--- Data supplied Enclosed Below ---
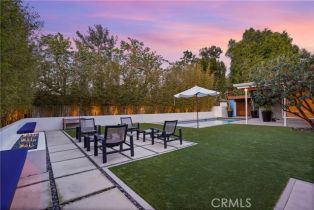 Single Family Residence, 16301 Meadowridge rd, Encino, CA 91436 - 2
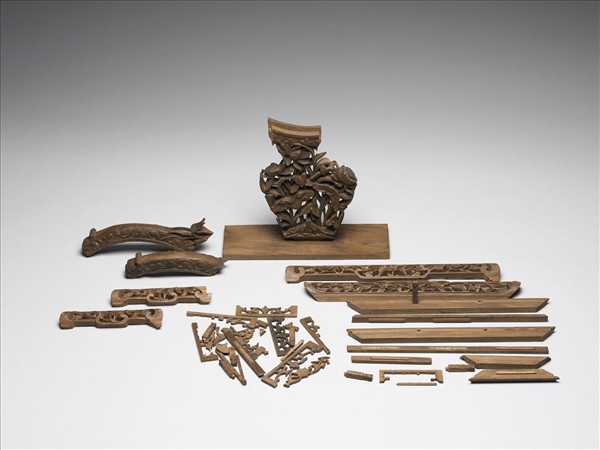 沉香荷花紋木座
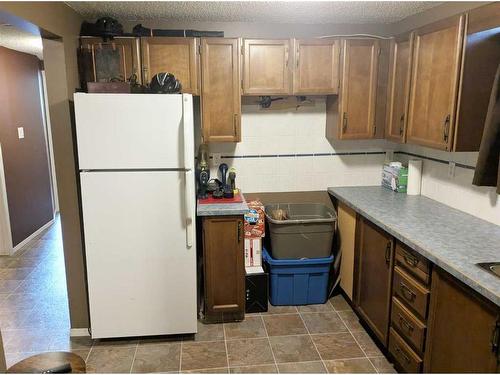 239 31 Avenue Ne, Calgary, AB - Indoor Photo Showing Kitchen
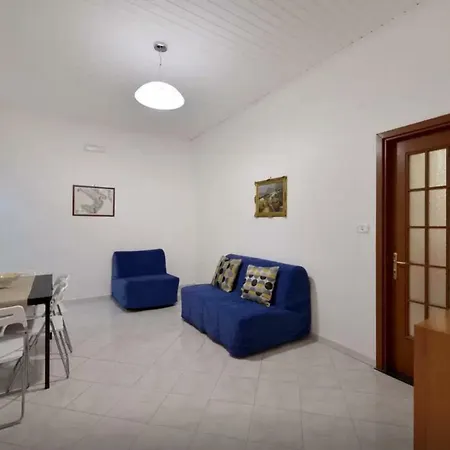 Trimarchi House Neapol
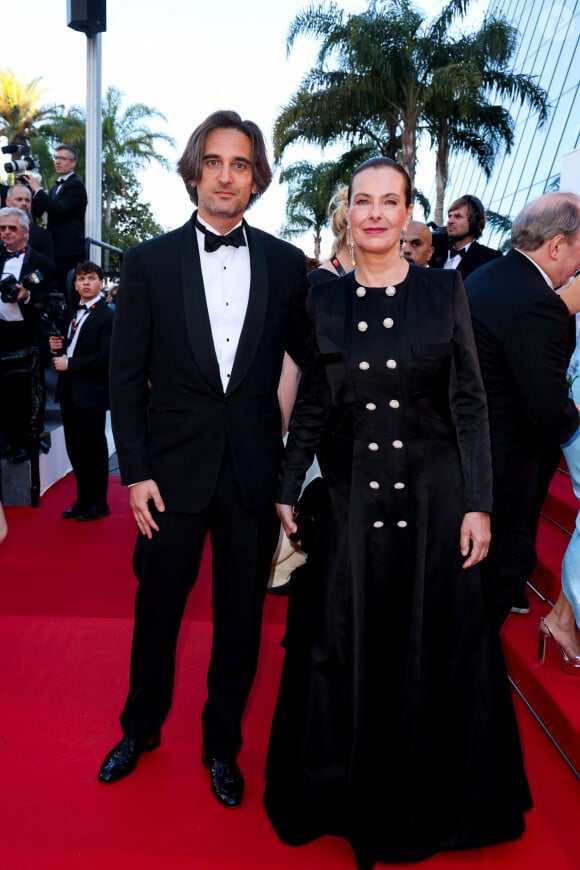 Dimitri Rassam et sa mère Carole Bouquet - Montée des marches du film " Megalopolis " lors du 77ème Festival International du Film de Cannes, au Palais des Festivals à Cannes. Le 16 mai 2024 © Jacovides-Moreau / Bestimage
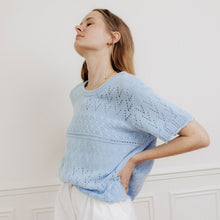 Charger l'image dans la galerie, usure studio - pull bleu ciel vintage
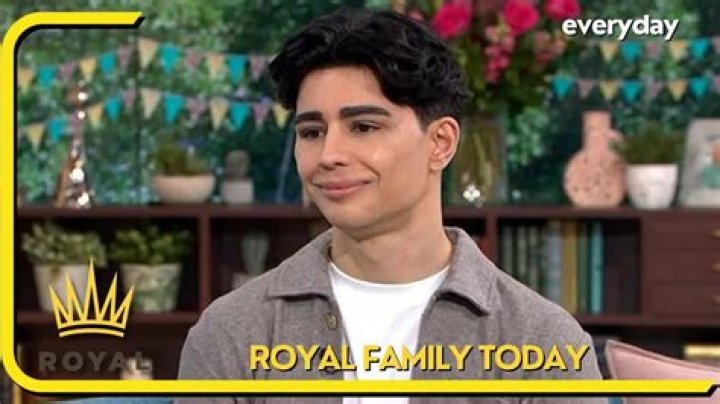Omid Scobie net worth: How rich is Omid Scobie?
--- End of Enclosed Data supplied ---
§ **Work task**:
Give back every record precisely as it stands, without the images.

§ **Answer for the task**:
 Single Family Residence, 16301 Meadowridge rd, Encino, CA 91436 - 2
 沉香荷花紋木座
 239 31 Avenue Ne, Calgary, AB - Indoor Photo Showing Kitchen
 Trimarchi House Neapol
 Dimitri Rassam et sa mère Carole Bouquet - Montée des marches du film " Megalopolis " lors du 77ème Festival International du Film de Cannes, au Palais des Festivals à Cannes. Le 16 mai 2024 © Jacovides-Moreau / Bestimage
 Charger l'image dans la galerie, usure studio - pull bleu ciel vintage
Omid Scobie net worth: How rich is Omid Scobie?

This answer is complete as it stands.